Weil mir diese Geschichte keiner glauben würde, kann ich sie nicht erzählen. Also schreibe ich sie auf, dann muss ich nicht die ungläubigen Gesichter derjenigen sehen, die sie vielleicht einmal lesen werden.

Ich war zehn oder elf, als ich den Drachen im Wald traf. Mein bester Kumpel hatte an diesem Tag keine Zeit zum Spielen. Also machte ich mich ohne ihn auf den Weg in den Wald, wo es immer was zu entdecken gab. Auch wenn man allein war.

Und was ich da entdeckte.

Es war ein heißer Sommertag, die Luft dick und zäh wie Pizzakäse. Ich wollte zu dem kleinen Teich, der in einer Waldlichtung lag. Es war nicht weit zu gehen, vielleicht zehn Minuten. An dem Teich angekommen, spürte ich einen plötzlichen Luftzug. Etwas Dunkles zeichnete sich auf dem Wasserspiegel ab, wie eine Wolke, die der Wind vor die Sonne schiebt. Aber der Schatten kam nicht von einer Wolke. Er wurde immer größer und größer. Ich blinzelte nach oben.

Es war nicht mehr und nicht weniger als ein Drache, der da aus dem Himmel mitten in den Teich geflogen kam. Mit einem lauten Platscher landete er im Wasser und versank bis zu seiner großen knubbeligen Nase darin. Dann schloss er die Augen und blies Luft aus seinen Nüstern, dass das Wasser vor ihm nur so blubberte.

Mich hatte er noch nicht entdeckt; längst war ich hinter einen Baumstamm gesprungen.
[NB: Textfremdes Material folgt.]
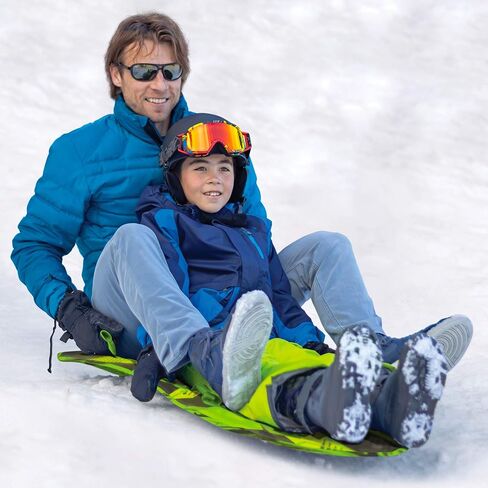 Sno-Storm 50" Viper Snow Sled 2-Pack in Kuwait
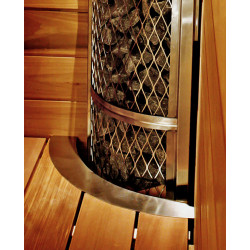 Φλάντζα ενσωμάτωσης - για θερμάστρα IKI CORNER  Φλάντζα ενσωμάτωσης - για θερμάστρα IKI CORNER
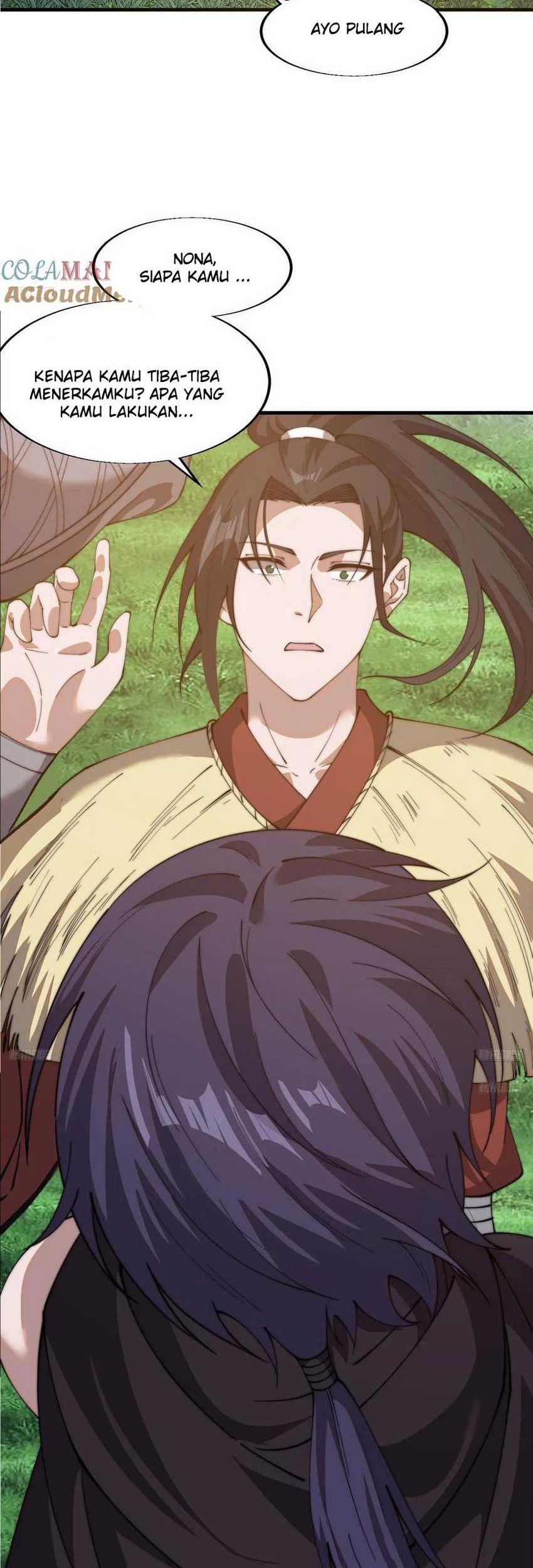 It Starts With A Mountain chapter 744 halaman 3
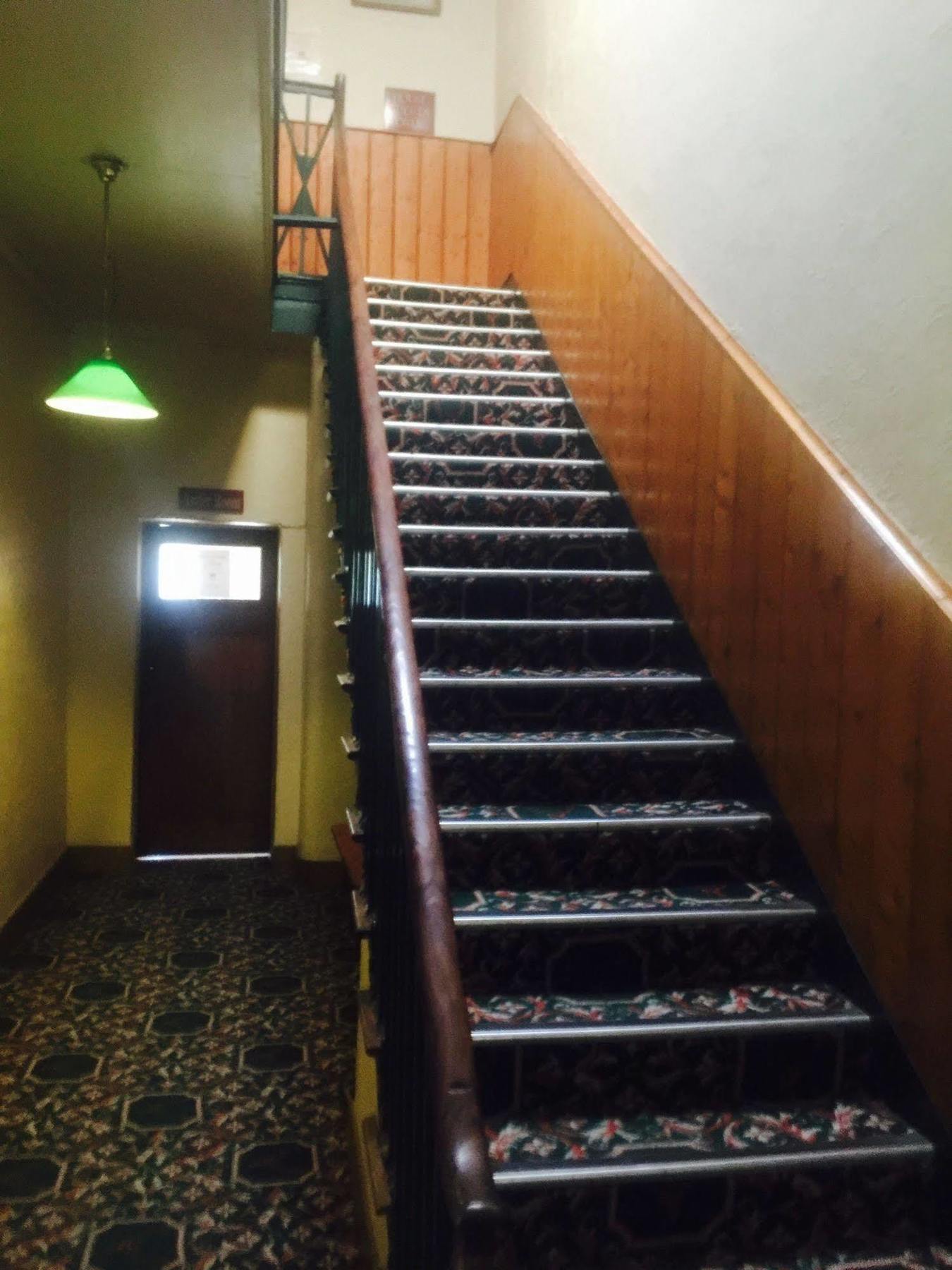 Man O'Ross Hotel Экстерьер фото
Mein Herz schlug so laut, wie der Specht, der irgendwo im Wald an die Rinde klopfte.

Vorsichtig schielte ich hinter dem Stamm hervor. Der Drache holte tief Luft und tauchte unter. Ein paar Luftblasen zerplatzen auf der Wasseroberfläche. Es dauerte ziemlich lange, bis er wieder hochkam. Dann schüttelte er sich, dass die Tropfen wie glitzernde Perlen um ihn flogen. Wieder holte er tief Luft und es sah aus, als wollte er noch mal untertauchen.

Was hatte er vor? Sich ertränken?

Ich hielt es nicht mehr aus und trat hinter dem Baumstamm hervor, blieb aber noch in sicherem Abstand zu ihm. Sofern man davon bei einem Drachen sprechen kann.

„Hee, du“, rief ich ihm zu, „hör auf, oder willst du ersaufen?“ Meine Stimme hörte sich mutiger an, als ich mich fühlte.

Der Drache fuhr so heftig zu mir herum, dass er mit seinem Schwanz einen kleinen Tsunami auslöste.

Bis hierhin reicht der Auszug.